There is little doubt that the culprits behind a cathedral bombing in Jolo in the Sulu Archipelago of The Philippines, were those who perversely felt thwarted by the democratic vote in favour of establishing a new Bangsamoro Autonomous Region in Muslim majority parts of Mindanao. Whilst Sulu was one of the few areas in which a vote for autonomy narrowly lost, it would be presumptuous to suggest that the tragic bombing which killed 21 and injured over 70, was the result of a disgruntled pro-autonomy voter. In all likelihood, the bombing was an attack orchestrated by terrorists who refuse to participate in the political process which looks to heal decades if not centuries of inter-communal tensions in Mindanao.
Such acts of supreme wickedness are not uncommon in places throughout the world that are in the midst of transitioning to a new political model aimed and stemming the tide of violent and economically retrograde sectarianism. Terrorist groups that profit from the weapons and narcotics trade that thrives in conflict zones stand to lose substantial sums of money should the swamp of extremism that feeds terror be drained by a new, positive political mentality.
In the Bangsamoro Autonomous Region, this is exactly what is happening. This phenomenon therefore increases the likelihood of agitated extremists conducting attacks as part of a final push to blackmail normal society before the wellspring of terror is finally dried up by the successful implication of a political system designed to act as a real time peace process.

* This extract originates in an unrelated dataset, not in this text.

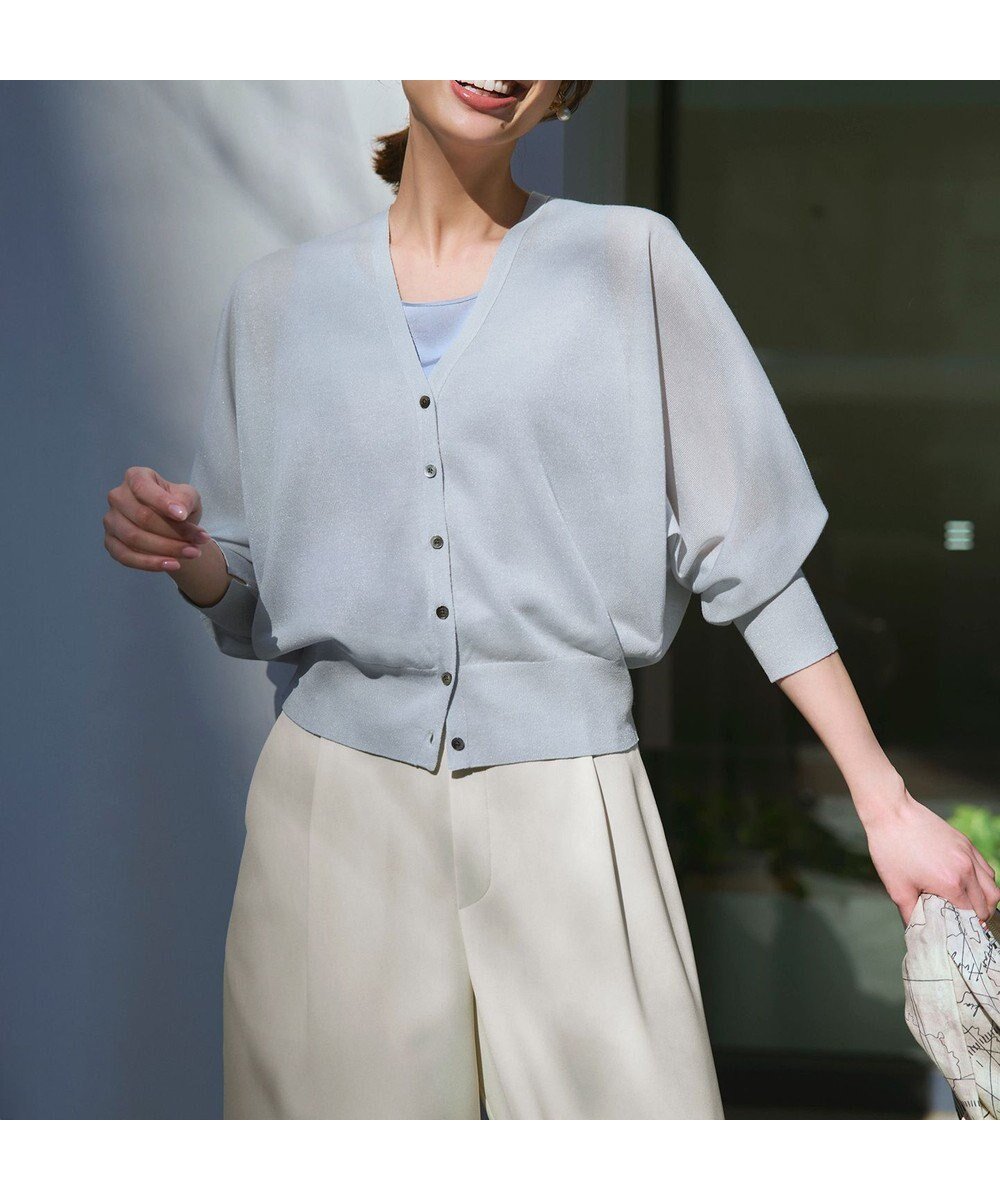 【23区/NIJYUSANKU】の【WEB 一部店舗限定カラーあり】シャイニーシアー ドルマンスリーブ カーディガン インテリア・キッズ・メンズ・レディースファッション・服の通販 founy(ファニー) 　ファッション　Fashion　レディースファッション　Fashion for Women　トップス・カットソー　Cut & Sew Tops　カーディガン・羽織り　Layered Style Cardigans　春　Spring　カーディガン　Cardigan, Knitwear　コンパクト　Compact, Small Size　スリット　Slit, Slit Detail　人気　Popular, Best Seller　バランス　Balance, Style Balance　S/S・春夏　SS, Spring/Summer, Warm Season　おすすめ　Recommended / Our Picks　夏　Summer　旅行　Travel　エレガント 上品　Elegant　2026年　2026　スカイブルー系|ID: prp329100004925276 ipo3291000000036959017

It is already being suggested that the Daesh (aka ISIS) aligned Abu Sayyaf terror group is behind the deadly blast. If this speculation turns out to be true, it would not be surprising as it would conform to the model which suggests that outlier terror groups that opposed national or internationally lead peace processes, engage in new waves of attempted and actual criminal acts of savagery during such periods of otherwise peaceful political transition.
The proper way to address such terror is by implementing a duel-tracked strategy which on the one hand coordinates the security services in order to exact merciless annihilation on the terrorists, whilst simultaneously strengthening political institutions that allow local people to democratically take control over their own cities and regions, thus culminating in an atmosphere in which terrorism cannot pay, does not hold any attraction even to the most economically destitute and as a result is eventually killed off in its entirety.
In both of these areas, Philippine President Rodrigo Duterte has got the balance right insofar as he refused to end Martial Law in Mindanao, even after the pro-Daesh Maute Group was neutralised by security forces that in 2017 liberated in Mindanao city of Marawi. By maintaining Martial Law, Duterte has sent a firm message to outlying terror groups that the security services remain on high alert in respect of both preventing terror attacks as well as punishing those behind attacks such as the one in Jolo.
At the same time, Duterte’s firm commitment to a rapid implementation of the parliamentary political system associated with the Bangsamoro Autonomous Region, clearly indicates that he will not allow terrorist provocations to shake his course in respect of delivering the region the kind of advanced political autonomy that he promised from the earliest days of his Presidency.
Today’s despicable act of barbarism must be and shall be answered with both a robust military approach to counter-terrorism and an equally firm commitment to overseeing the peaceful transition of power to a future Bangsamoro Autonomous Region Parliament. This is the only way forward – anything less and indeed anything more would be allowing terrorist to dictate the future path of a region which has overwhelmingly rejected any and all forms of violence.